29 – Outras curiosidades da mesma zona do Baixo Alentejo

Há poucos anos estive na aldeia e sede de freguesia de Santa Cruz, no concelho de Almodôvar. Uma pequena povoação, com um casario bem cuidado e maioritariamente pintado de branco, numa orografia que ainda a liga à serra do Caldeirão.

Num breve roteiro que fiz na zona, o que mais me despertou a atenção foi a localização do espaço sagrado local. O cemitério da freguesia fica situado a mais de 400 metros da zona habitacional. E a histórica igreja matriz (manuelina – séc. XVI) ainda mais longe, mais outros 400 metros (pelo caminho melhor, porque parece haver outro antigo, de pé-posto, um pouco mais curto).

Este distanciamento de igrejas e cemitérios em relação à povoação é uma situação recorrente pelo menos nos concelhos de Almodôvar, Castro Verde e Mértola, como se pode também confirmar em Corte Figueira Mendonça, Santa Bárbara de Padrões, S. Pedro de Sólis, S. Miguel do Pinheiro, S. João dos Caldeireiros, S. Sebastião dos Carros, etc. Parece ser uma situação excecional, num processo assumido, este afastamento do espaço sagrado, quando todos sabemos que historicamente a tradição cristã nacional (e europeia) punha a igreja e o cemitério no centro da povoação, em volta dos quais se desenvolvia a área residencial. Só no séc. XIX, com o governo dos Cabrais (o que até foi causa da revolta da Maria da Fonte, no Minho) é que se iniciou o afastamento dos cemitérios do centro das povoações, por razões de saúde pública. Mas as igrejas paroquiais sempre permaneceram no centro.

Depois, uma pequena visita à igreja matriz local, anunciada em tabuletas como monumento a visitar, continua a surpreender-nos. É um templo de razoável dimensão, de três naves, com o reportório habitual e assinalável da arquitetura manuelina, e outros elementos posteriores, nomeadamente da época barroca. O facto de estar quase permanentemente fechado, não sendo local habitual de culto, origina a rápida degradação do edifício a que as reparações levadas a efeito não têm conseguido por termo.

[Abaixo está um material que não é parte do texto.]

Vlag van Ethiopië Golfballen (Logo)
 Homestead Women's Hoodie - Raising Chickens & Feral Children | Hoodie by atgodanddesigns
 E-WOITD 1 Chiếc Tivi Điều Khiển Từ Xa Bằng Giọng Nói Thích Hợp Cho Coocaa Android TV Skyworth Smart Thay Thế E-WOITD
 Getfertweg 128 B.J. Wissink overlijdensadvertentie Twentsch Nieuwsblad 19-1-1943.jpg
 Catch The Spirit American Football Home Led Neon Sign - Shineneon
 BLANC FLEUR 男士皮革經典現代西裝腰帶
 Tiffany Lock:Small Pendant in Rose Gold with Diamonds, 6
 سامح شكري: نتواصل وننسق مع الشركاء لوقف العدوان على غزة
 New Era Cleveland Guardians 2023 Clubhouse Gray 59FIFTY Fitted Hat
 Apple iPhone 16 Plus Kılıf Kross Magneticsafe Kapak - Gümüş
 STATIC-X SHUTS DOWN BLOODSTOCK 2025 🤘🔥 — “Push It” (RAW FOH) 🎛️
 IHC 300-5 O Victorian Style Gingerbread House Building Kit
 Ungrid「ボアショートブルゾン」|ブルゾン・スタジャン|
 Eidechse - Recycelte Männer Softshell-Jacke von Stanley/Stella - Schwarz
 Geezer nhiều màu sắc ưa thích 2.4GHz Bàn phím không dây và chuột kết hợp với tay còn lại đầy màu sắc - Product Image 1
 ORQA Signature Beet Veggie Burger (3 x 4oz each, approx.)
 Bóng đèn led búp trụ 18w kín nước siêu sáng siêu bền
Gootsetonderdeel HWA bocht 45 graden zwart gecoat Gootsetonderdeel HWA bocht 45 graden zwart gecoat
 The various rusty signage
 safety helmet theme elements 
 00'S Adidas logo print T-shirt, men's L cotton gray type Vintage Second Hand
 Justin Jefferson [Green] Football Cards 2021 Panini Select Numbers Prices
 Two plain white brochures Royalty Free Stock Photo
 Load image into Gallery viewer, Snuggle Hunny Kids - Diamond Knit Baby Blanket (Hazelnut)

Mas ainda há mais aspetos invulgares: no espaço envolvente desta igreja, numa zona isolada, escondida e de relevo acidentado, encontramos ainda as ruínas de duas outras capelas (ou deveríamos dizer ermidas) de uma só nave, em estado de completa ruína, de que só restam as paredes exteriores de relativa dimensão, a indicar-nos que aquele espaço era efetivamente o espaço sagrado da freguesia, mas que os fregueses quiseram separado, para todos os efeitos, do espaço profano das suas vidas. E ainda que, enquanto estas capelas em ruínas ocupam a parte superior de uma colina, a igreja matriz fica situada num plano mais baixo da encosta, num patamar pouco acima do vale que se estende ao lado. Portanto, mais uma originalidade, a igreja principal da freguesia situar-se num plano mais baixo e mais escondida do que outros templos de menor dimensão e importância, no mesmo exclusivo enquadramento.

Tenho algumas hipóteses de explicação para estas particularidades de antropologia cultural que tentarei aferir, mas se alguém, dos que conseguiram ler este texto até ao fim, quiser apresentar desde já alguma tese explicativa, muito agradeço.